If the power goes out on the system, it is not really a system problem, in the sense that it was caused by an outside influence, similar to someone pulling the plug or flipping the circuit breaker (which my father-in-law did to me once). Although this kind of problem can be remedied with a UPS, the first time the system goes down before the UPS is installed can make you question the stability of your system. There is no record of what happened and unless you know the cause was a power outage, it could have been anything.

Another annoying situation is when the system just "hangs." That is, it stops completely and does not react to any input. This could be the result of a bad hard disk controller, bad RAM, or an improperly written or corrupt device driver. Because there is no record of what was happening, trying to figure out what went wrong is extremely difficult, especially if this happens sporadically.

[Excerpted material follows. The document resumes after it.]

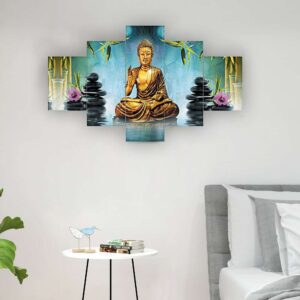 Buddha Set of Five 3D Framed Paintings for Wall Decoration – Ideal for Home, Living Room, and Bedroom (125 x 60 CM)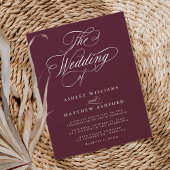 ブルゴーニュ渦巻形のロマン結婚ク書道 招待状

Because a system panic is really the only time you can easily track down the problem, I will start there. The first thing to think about is that as the system goes down, it does two things: writes the registers to the console screen and writes a memory image to the dump device. The fact that it does this as it's dying makes me think that this is something important, which it is.

The first thing to look at is the instruction pointer. This is actually composed of two registers: the CS (code segment) and EIP (instruction pointer) registers. This is the instruction that the kernel was executing at the time of the panic. By comparing the EIP of several different panics, you can make some assumptions about the problem. For example, if the EIP is consistent across several different panics, this indicates that there is a software problem. The assumption is made because the system was executing the same piece of code every time it panicked. This usually indicates a software problem.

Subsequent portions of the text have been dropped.